Raine’s esthetician finished a final topcoat, and the two women began to pack their things.
Charlotte leaned over to whisper to Raine. “Do we tip or something?”
“All taken care of,” Raine whispered back. “Shall I ring for strawberries and champagne?”
“It’s still morning.”
“You’re on vacation. And you’re in Provence.” Raine grinned and hit a speed-dial button on the phone.
“At this rate, I may never leave,” Charlotte muttered, sighing and relaxing back into the soft lounger.
While Raine talked to the kitchen, Charlotte closed her eyes, letting the soft breeze caress her face and listening to the gentle hum of the cicadas fill in the background.
“Quick!” Raine’s elbow jolted Charlotte back to reality. “Take a look.”
Charlotte blinked against the bright sunshine, scanning the lawn beyond the pool and coming to two male figures.
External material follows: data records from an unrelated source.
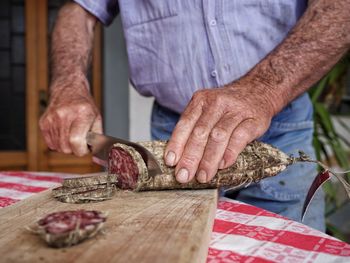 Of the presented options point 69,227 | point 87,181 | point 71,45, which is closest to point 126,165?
point 87,181

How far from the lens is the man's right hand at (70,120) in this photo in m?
1.94

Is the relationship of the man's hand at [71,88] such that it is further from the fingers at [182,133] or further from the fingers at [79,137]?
the fingers at [182,133]

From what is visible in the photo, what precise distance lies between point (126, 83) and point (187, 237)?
10.7ft

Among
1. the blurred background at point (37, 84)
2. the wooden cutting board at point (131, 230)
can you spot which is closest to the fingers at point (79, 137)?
the wooden cutting board at point (131, 230)

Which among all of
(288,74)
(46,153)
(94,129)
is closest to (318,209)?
(288,74)

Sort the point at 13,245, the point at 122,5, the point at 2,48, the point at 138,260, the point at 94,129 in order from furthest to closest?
the point at 2,48 → the point at 122,5 → the point at 94,129 → the point at 13,245 → the point at 138,260

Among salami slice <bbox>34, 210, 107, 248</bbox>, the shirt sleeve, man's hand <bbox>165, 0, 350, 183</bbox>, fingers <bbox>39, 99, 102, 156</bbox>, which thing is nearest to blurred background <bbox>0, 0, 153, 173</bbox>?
the shirt sleeve

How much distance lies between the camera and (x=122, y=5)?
7.12 ft

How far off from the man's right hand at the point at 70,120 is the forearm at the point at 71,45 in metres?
0.07

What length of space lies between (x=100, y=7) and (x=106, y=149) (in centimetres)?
87

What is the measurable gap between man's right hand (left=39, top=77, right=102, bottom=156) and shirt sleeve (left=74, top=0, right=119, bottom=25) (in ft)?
1.51

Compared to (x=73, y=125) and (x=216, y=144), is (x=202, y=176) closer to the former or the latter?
(x=216, y=144)

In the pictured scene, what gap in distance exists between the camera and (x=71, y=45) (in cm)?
231

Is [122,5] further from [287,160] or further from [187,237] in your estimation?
[187,237] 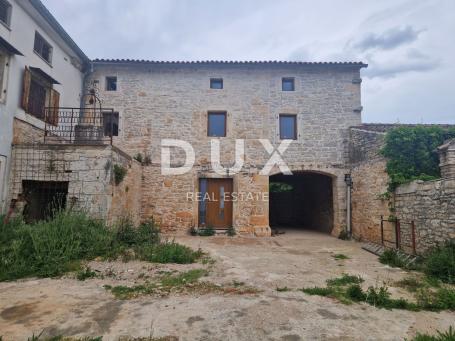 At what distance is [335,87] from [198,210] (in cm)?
726

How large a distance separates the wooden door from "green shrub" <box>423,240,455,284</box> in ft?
20.8

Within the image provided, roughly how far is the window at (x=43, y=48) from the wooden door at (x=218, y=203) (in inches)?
260

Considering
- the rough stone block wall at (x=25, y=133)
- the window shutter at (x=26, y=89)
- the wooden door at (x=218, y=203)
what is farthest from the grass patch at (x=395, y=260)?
the window shutter at (x=26, y=89)

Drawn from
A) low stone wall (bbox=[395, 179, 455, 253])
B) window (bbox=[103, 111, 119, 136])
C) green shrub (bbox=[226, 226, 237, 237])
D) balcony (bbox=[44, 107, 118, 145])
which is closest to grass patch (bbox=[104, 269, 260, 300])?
low stone wall (bbox=[395, 179, 455, 253])

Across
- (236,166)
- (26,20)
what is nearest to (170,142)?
(236,166)

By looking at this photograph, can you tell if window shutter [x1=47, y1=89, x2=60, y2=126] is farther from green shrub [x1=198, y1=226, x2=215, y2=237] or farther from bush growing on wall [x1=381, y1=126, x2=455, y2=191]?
bush growing on wall [x1=381, y1=126, x2=455, y2=191]

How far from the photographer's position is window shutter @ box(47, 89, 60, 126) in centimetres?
830

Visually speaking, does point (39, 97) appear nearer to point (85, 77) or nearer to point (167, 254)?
point (85, 77)

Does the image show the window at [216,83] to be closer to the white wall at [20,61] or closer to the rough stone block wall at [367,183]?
the white wall at [20,61]

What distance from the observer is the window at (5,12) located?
6535 millimetres

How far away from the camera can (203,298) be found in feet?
11.9

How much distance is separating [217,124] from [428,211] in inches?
285

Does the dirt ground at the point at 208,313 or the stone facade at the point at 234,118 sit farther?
the stone facade at the point at 234,118

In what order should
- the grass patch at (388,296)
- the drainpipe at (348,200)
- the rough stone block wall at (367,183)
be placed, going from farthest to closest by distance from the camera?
1. the drainpipe at (348,200)
2. the rough stone block wall at (367,183)
3. the grass patch at (388,296) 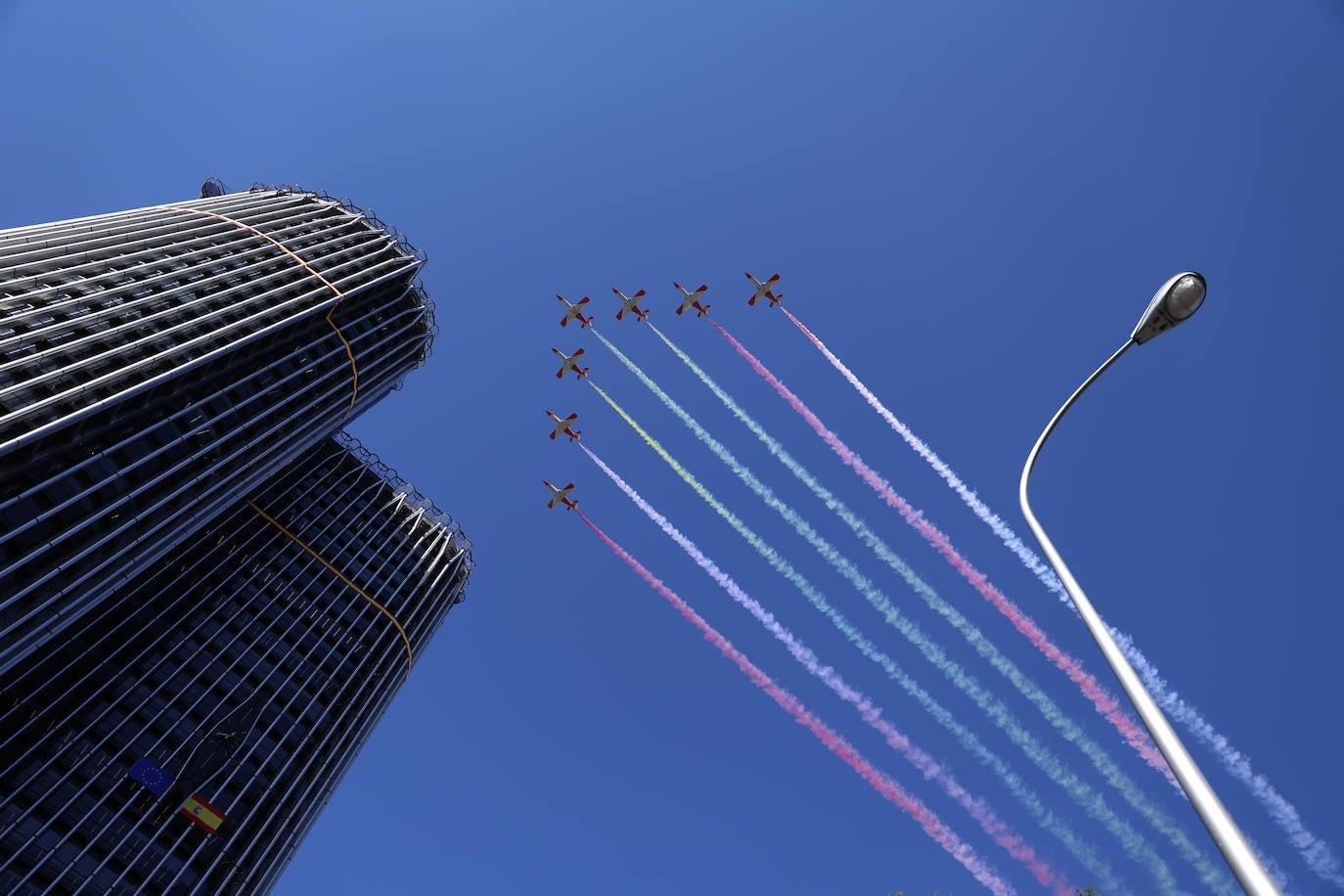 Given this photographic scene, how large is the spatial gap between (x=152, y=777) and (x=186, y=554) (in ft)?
98.2

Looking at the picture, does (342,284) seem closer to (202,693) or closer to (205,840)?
(202,693)

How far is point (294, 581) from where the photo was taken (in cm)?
9931

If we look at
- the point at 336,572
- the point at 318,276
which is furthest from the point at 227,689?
the point at 318,276

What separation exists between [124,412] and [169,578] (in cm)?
3064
Alec. And he was dressed in bicycle shorts and a spandex shirt that clung to every sculpted muscle.
“Isn’t he the hottest thing you’ve ever seen?” asked Raine.
He was, but it seemed an odd thing for Raine to notice. “Alec?”
“Nooo.” Raine grimaced. “Kiefer. The guy with him.”
“Oh.” Charlotte hadn’t paid the least bit of attention to the slightly shorter man with short, sandy-blond hair striding down the brick pathway next to Alec.
“He’s our vice president,” Raine elaborated. “The girls in the office go ga-ga over him.”
“Sounds like you do, too.” Charlotte chuckled, watching the man named Kiefer saunter closer. He was probably six foot two. Though a slighter build than Alec, he was well muscled with an angular face, square jaw and an easy, self-confident stride.
“Don’t you dare say a word,” Raine warned.
“You don’t want to date an employee?” Charlotte asked, her gaze moving involuntarily to Alec. Now that was a gorgeous man. Everything about him moved in perfect symmetry.
“I don’t want him to think I’m one of his groupies,” Raine corrected.
“It’s that bad?”
“Just look at him,” Raine scoffed.
Charlotte glanced back for a split second. Sure, he was attractive enough. But she wasn’t sensing the animal magnetism she saw in Alec. If the girls in the office were going to go ga-ga, she would have thought Alec would be their target.
The two women halted their conversation as the men came within earshot. They stopped in front of the two loungers. Kiefer’s gaze swept Charlotte without sparing a single glance for Raine.
“This is your plain Jane?” Kiefer asked Alec, astonishment clear in his tone.
Charlotte shot Alec an exaggerated expression of offense. “I’m your what?”